Task item —
Exactly reproduce the lines of the listing below from the one containing "Large Raw 2lb" through the one containing "Black prooral portable". Skip the images.

··· Supplied records ···

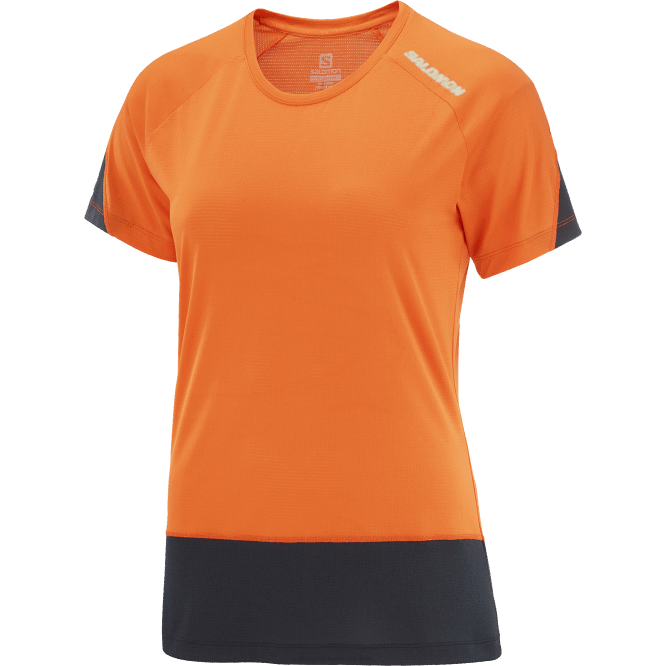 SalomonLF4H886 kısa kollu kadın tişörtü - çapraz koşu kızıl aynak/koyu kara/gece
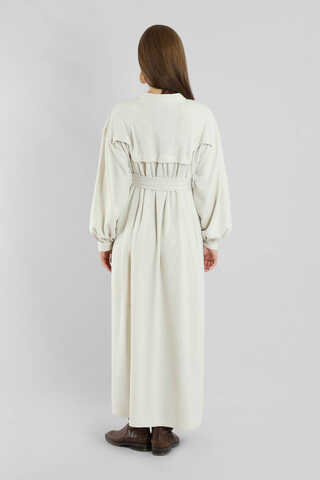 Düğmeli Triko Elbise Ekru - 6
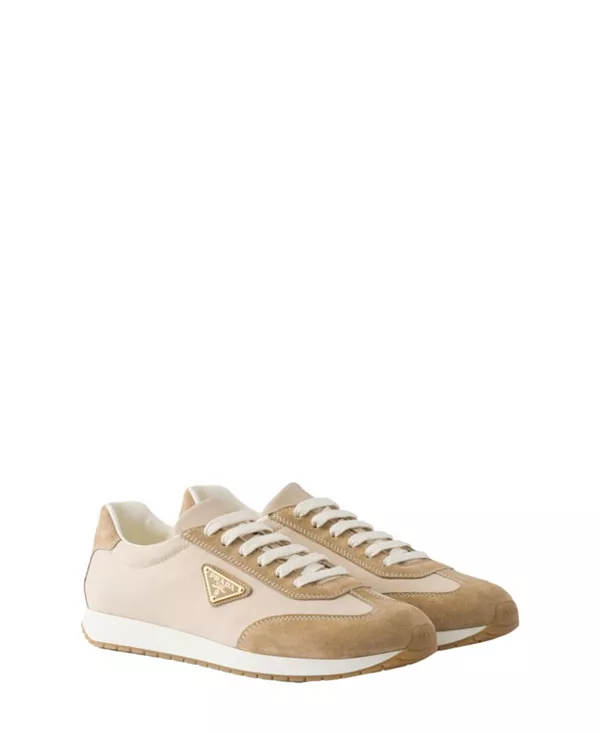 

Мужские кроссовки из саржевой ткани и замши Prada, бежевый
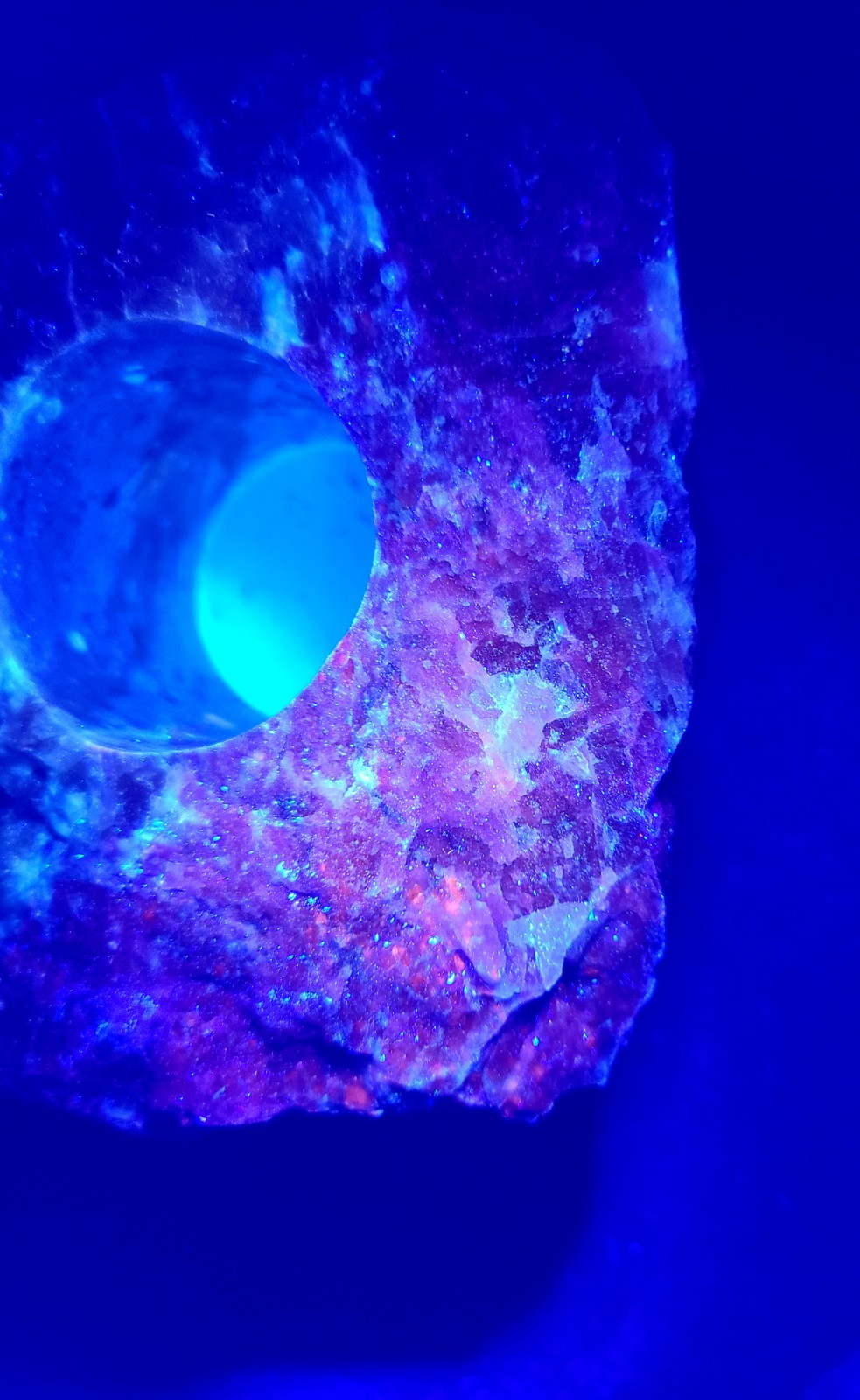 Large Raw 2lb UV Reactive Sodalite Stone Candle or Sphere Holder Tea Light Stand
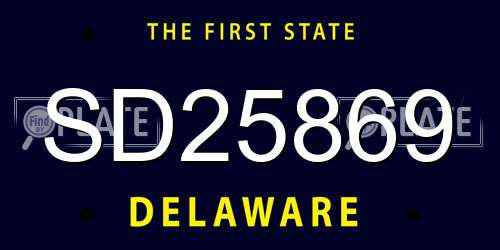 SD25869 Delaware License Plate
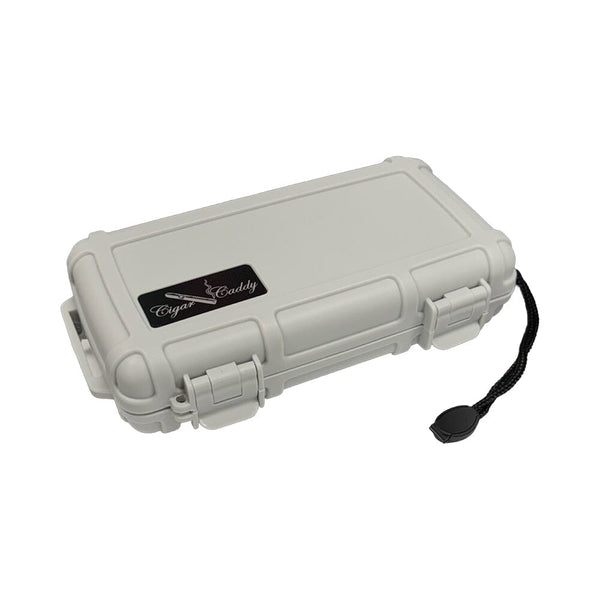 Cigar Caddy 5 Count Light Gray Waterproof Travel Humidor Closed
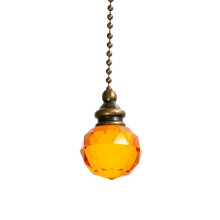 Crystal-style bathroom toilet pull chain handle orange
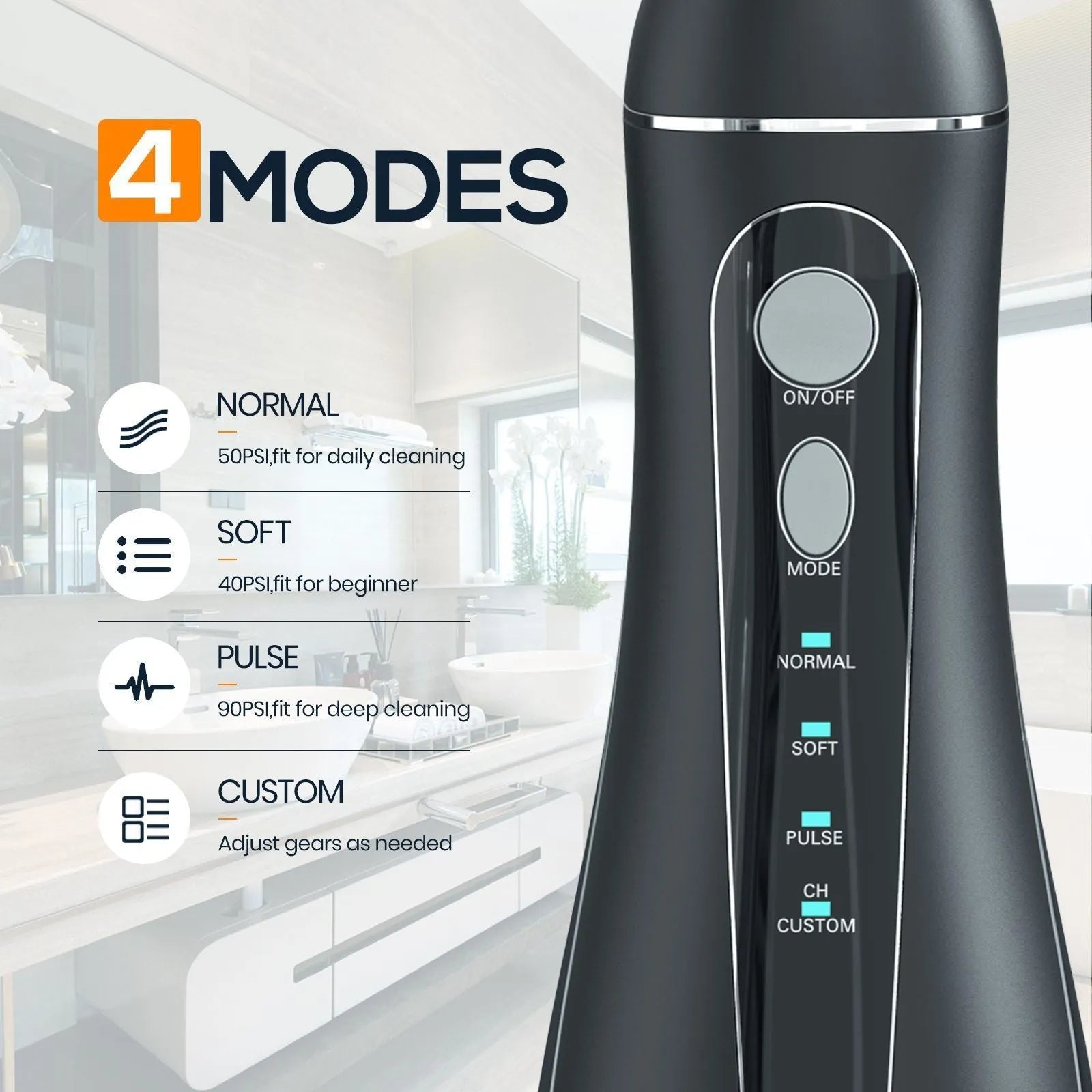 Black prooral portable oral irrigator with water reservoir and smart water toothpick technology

···
··· Supplied records ···

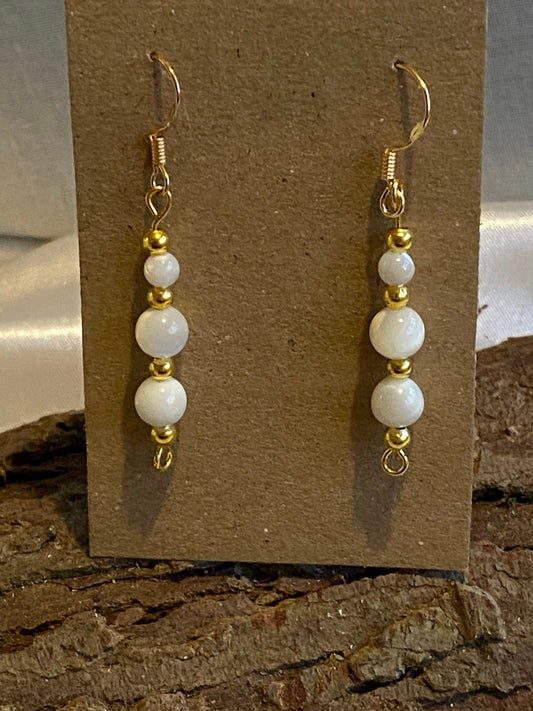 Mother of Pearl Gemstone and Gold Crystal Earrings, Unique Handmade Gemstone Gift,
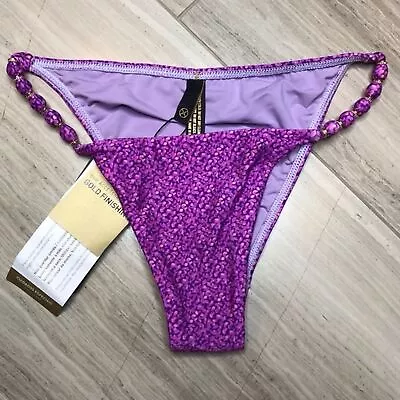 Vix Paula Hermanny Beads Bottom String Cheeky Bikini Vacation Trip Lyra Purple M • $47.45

···
··· Supplied records ···

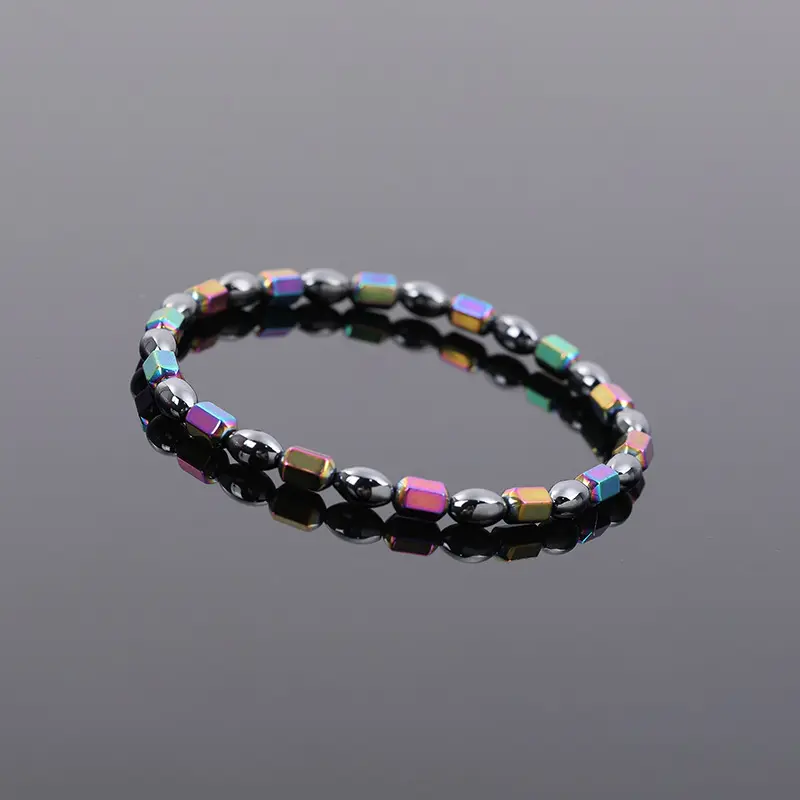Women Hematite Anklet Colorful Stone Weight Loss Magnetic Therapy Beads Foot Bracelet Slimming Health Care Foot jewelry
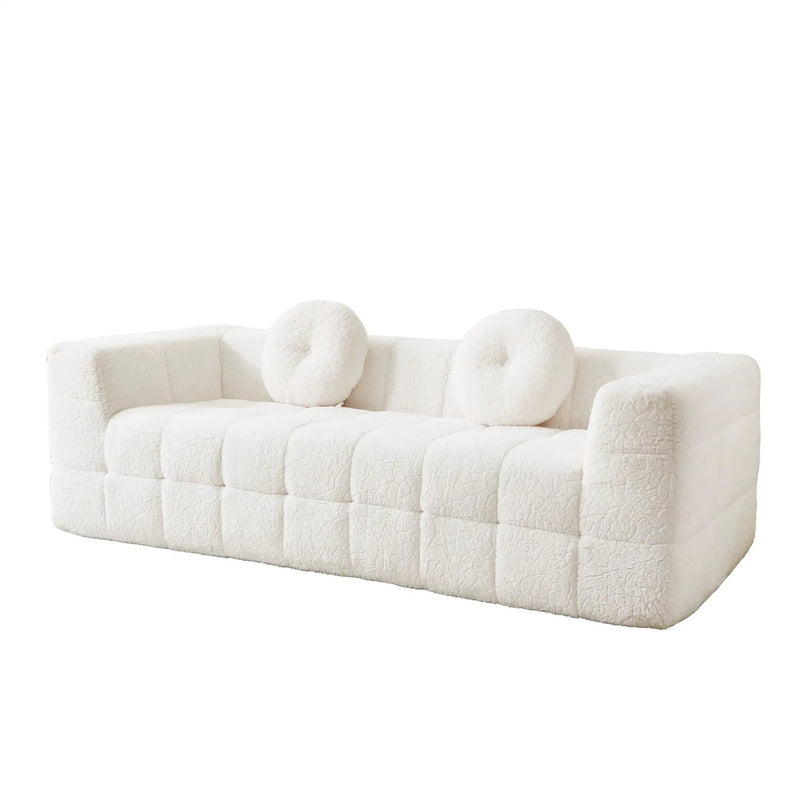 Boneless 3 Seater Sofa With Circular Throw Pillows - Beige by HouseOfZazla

···

Solved exercise —
 Large Raw 2lb UV Reactive Sodalite Stone Candle or Sphere Holder Tea Light Stand
 SD25869 Delaware License Plate
 Cigar Caddy 5 Count Light Gray Waterproof Travel Humidor Closed
 Crystal-style bathroom toilet pull chain handle orange
 Black prooral portable oral irrigator with water reservoir and smart water toothpick technology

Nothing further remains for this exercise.